»»

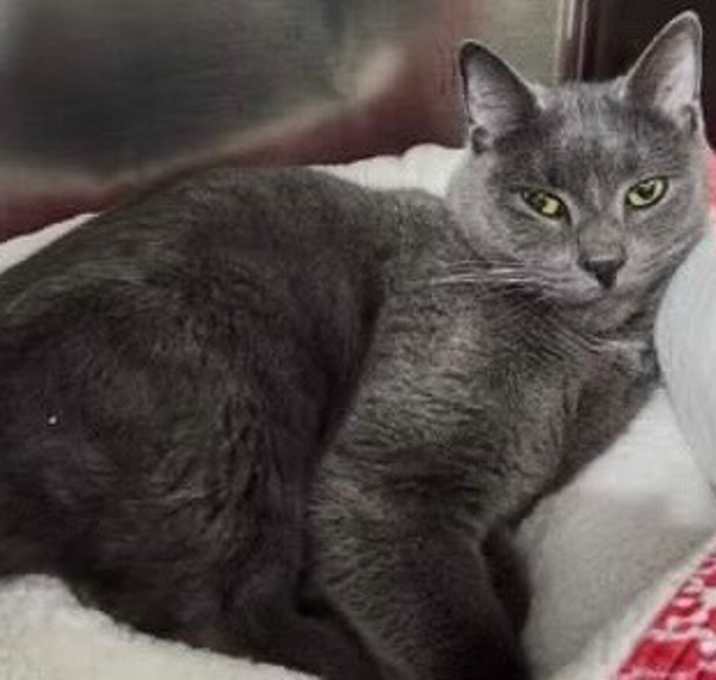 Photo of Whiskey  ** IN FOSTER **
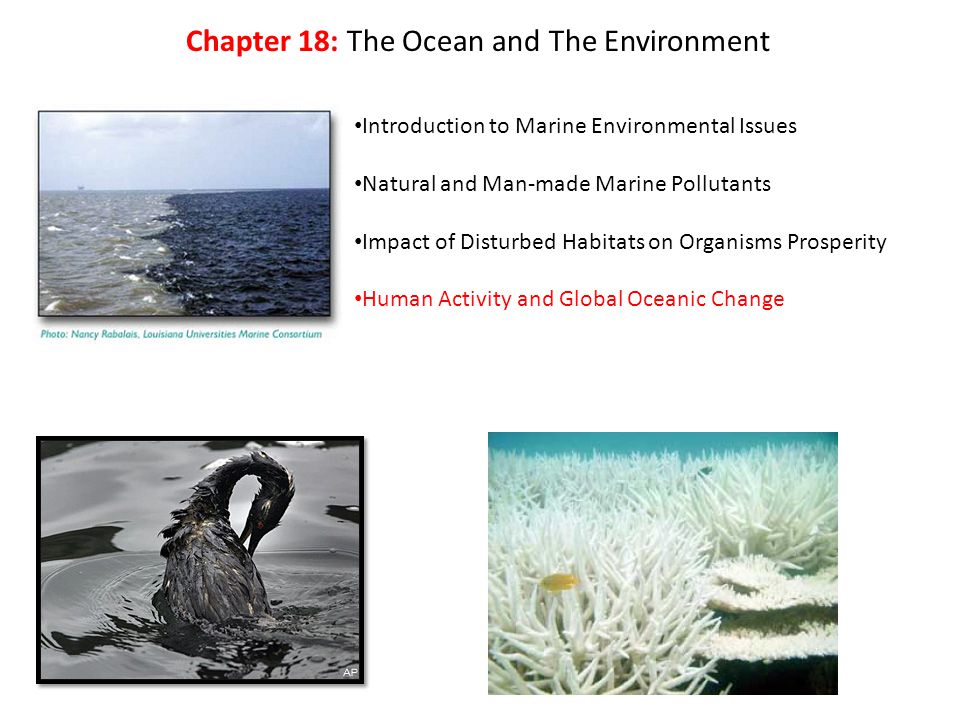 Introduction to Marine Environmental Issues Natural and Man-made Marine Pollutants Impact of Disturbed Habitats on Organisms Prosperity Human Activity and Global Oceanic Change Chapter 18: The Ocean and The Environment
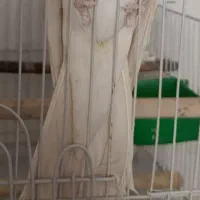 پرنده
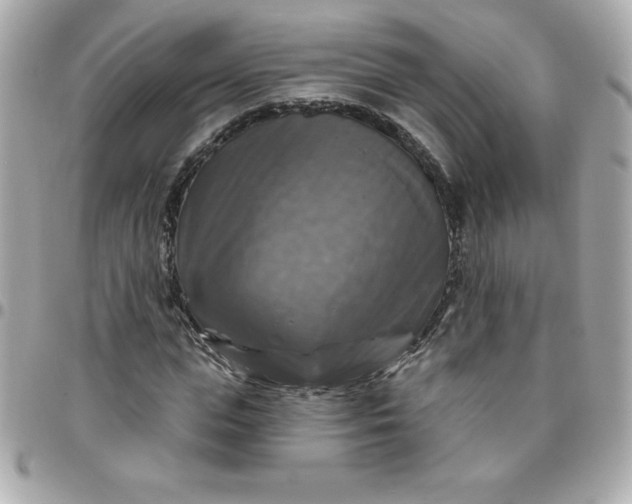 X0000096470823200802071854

««

§ **What this task involves**
Every line of the material above should be repeated exactly, except for the pictures.

§ **Answer for this exercise**
 Photo of Whiskey  ** IN FOSTER **
 Introduction to Marine Environmental Issues Natural and Man-made Marine Pollutants Impact of Disturbed Habitats on Organisms Prosperity Human Activity and Global Oceanic Change Chapter 18: The Ocean and The Environment
 پرنده
 X0000096470823200802071854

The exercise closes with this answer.